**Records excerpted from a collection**
■ ■ ■

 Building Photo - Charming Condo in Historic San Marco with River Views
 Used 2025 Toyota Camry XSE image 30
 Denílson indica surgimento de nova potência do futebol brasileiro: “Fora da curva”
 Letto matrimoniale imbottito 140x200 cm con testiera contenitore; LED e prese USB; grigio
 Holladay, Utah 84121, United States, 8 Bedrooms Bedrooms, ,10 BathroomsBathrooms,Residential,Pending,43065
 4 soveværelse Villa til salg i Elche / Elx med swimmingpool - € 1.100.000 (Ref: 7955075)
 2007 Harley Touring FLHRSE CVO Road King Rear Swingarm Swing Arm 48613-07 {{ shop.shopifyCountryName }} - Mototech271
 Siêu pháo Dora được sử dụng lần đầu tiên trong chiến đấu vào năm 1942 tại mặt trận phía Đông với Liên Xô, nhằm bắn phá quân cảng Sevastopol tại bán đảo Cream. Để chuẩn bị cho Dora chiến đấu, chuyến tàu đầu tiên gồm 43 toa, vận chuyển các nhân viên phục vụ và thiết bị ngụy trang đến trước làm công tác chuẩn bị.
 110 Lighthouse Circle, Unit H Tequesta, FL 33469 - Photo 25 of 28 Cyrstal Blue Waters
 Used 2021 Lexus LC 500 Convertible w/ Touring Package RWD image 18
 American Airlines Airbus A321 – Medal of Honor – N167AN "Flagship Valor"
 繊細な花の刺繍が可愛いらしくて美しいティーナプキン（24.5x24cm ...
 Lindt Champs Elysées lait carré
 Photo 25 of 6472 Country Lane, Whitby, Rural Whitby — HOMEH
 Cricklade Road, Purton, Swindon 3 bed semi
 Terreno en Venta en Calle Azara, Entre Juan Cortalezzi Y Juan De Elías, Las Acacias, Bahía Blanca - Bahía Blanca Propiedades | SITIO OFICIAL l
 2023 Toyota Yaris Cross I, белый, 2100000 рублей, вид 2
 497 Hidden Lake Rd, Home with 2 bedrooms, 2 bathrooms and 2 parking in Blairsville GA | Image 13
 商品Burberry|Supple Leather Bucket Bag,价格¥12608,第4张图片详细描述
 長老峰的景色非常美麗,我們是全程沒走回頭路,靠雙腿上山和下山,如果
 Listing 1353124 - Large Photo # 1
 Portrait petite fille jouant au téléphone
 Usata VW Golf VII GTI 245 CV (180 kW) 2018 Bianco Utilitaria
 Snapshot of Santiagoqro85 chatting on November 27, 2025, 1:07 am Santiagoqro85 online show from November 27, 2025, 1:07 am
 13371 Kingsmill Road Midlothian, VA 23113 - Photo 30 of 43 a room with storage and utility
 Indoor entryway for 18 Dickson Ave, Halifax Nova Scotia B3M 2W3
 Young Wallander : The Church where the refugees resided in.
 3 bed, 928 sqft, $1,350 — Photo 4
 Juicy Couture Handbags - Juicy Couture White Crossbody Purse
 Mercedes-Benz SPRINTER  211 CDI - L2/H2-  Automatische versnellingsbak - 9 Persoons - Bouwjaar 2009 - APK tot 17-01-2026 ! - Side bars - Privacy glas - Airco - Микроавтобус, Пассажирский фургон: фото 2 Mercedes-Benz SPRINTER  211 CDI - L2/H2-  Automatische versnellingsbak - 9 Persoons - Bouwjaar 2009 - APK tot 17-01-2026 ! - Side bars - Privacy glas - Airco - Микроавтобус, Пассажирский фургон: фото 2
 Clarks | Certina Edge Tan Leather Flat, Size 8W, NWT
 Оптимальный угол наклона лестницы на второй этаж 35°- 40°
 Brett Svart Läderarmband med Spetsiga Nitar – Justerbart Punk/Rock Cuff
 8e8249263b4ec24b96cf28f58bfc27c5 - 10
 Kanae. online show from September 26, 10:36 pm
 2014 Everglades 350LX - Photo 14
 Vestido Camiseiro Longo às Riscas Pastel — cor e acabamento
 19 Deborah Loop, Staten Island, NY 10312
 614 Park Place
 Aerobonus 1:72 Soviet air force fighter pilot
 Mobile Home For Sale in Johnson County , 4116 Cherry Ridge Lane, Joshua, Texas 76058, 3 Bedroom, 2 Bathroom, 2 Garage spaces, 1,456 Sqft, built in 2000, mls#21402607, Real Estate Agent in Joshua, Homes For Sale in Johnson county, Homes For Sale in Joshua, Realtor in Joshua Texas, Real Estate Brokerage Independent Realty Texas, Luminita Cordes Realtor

■ ■ ■

**PROMPT**
There is a run of lines above from the one with "Lindt Champs Elysées lait carré" to the one with "Usata VW Golf"; print exactly that run, both ends included, and nothing else.

**OUTPUT OF THE EXERCISE**
 Lindt Champs Elysées lait carré
 Photo 25 of 6472 Country Lane, Whitby, Rural Whitby — HOMEH
 Cricklade Road, Purton, Swindon 3 bed semi
 Terreno en Venta en Calle Azara, Entre Juan Cortalezzi Y Juan De Elías, Las Acacias, Bahía Blanca - Bahía Blanca Propiedades | SITIO OFICIAL l
 2023 Toyota Yaris Cross I, белый, 2100000 рублей, вид 2
 497 Hidden Lake Rd, Home with 2 bedrooms, 2 bathrooms and 2 parking in Blairsville GA | Image 13
 商品Burberry|Supple Leather Bucket Bag,价格¥12608,第4张图片详细描述
 長老峰的景色非常美麗,我們是全程沒走回頭路,靠雙腿上山和下山,如果
 Listing 1353124 - Large Photo # 1
 Portrait petite fille jouant au téléphone
 Usata VW Golf VII GTI 245 CV (180 kW) 2018 Bianco Utilitaria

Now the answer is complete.